Short text fragments from websites
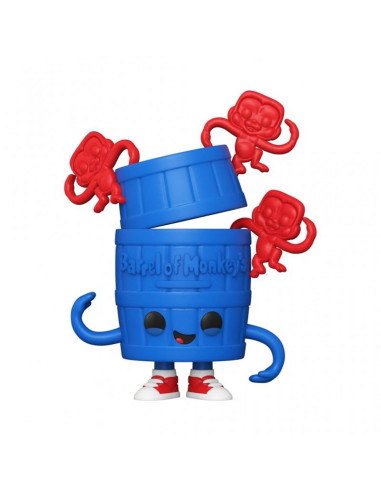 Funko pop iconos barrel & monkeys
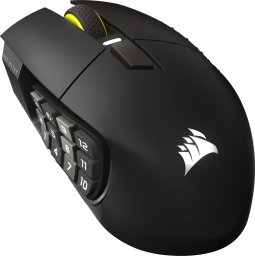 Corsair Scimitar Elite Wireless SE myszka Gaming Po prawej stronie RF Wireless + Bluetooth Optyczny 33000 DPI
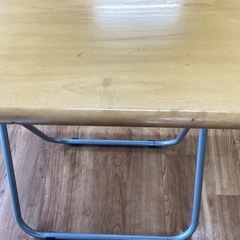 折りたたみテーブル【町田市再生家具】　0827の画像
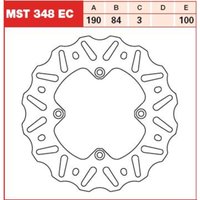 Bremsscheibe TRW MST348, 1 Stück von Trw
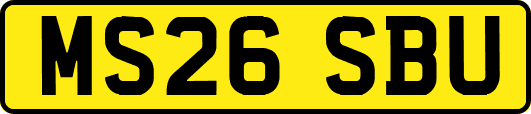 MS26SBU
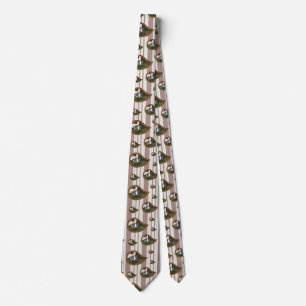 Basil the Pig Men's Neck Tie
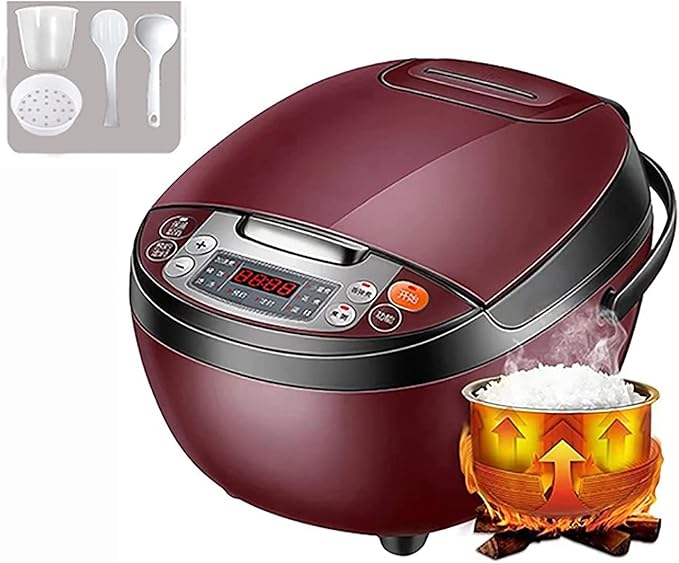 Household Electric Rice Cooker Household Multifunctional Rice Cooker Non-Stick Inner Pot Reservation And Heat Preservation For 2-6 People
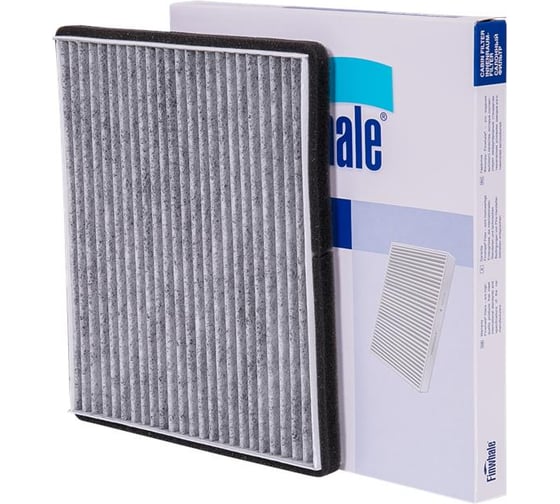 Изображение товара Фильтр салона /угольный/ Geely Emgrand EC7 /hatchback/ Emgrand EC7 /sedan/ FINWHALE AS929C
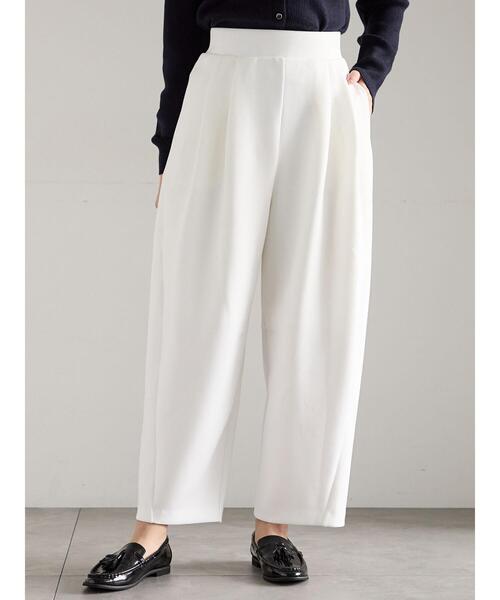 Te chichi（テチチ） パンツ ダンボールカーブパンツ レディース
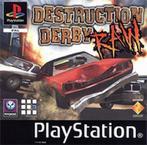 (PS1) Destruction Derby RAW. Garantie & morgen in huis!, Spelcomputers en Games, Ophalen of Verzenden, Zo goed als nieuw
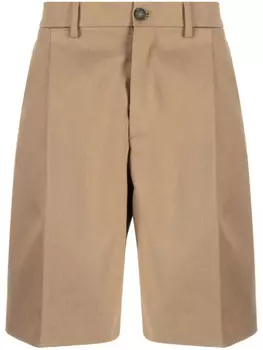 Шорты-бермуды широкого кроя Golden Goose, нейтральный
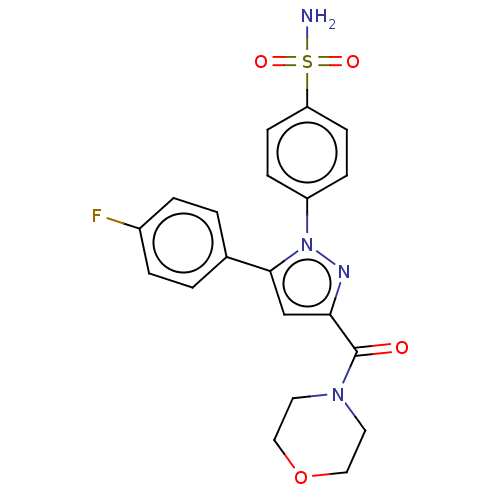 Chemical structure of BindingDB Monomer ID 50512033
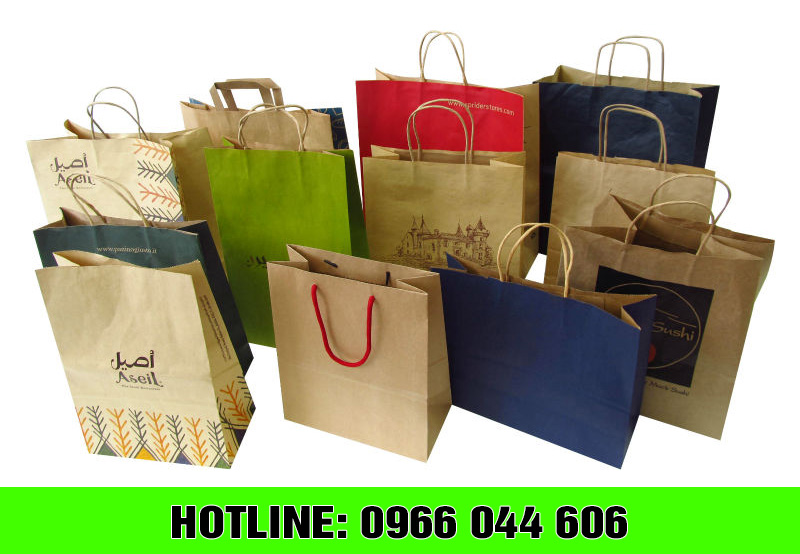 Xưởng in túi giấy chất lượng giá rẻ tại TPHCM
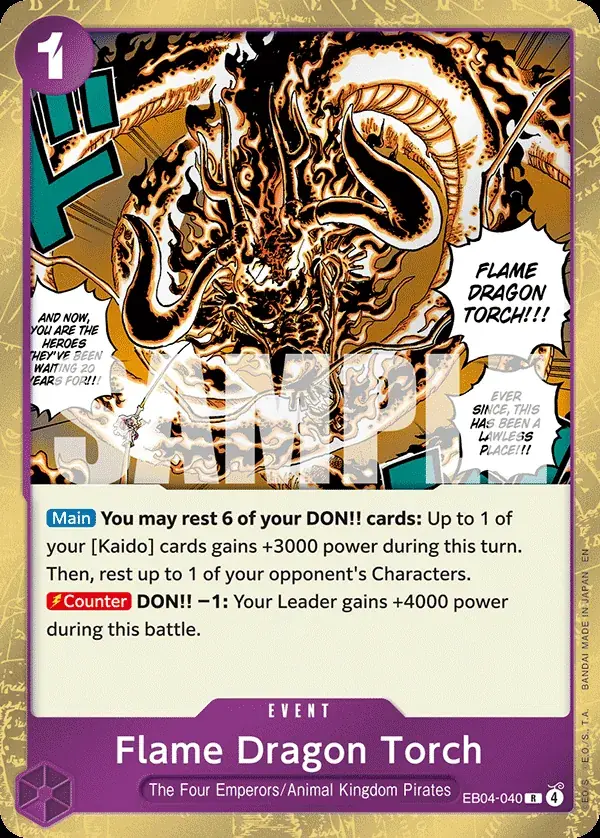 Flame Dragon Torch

### Action item
Would you please repeat only the lines above, beginning at the one that has "Te chichi（テチチ） パンツ ダンボールカーブパンツ レディース" and stopping after the one that has "Шорты-бермуды широкого кроя", exactly and with no pictures?

### Exercise output
 Te chichi（テチチ） パンツ ダンボールカーブパンツ レディース
 (PS1) Destruction Derby RAW. Garantie & morgen in huis!, Spelcomputers en Games, Ophalen of Verzenden, Zo goed als nieuw
 Шорты-бермуды широкого кроя Golden Goose, нейтральный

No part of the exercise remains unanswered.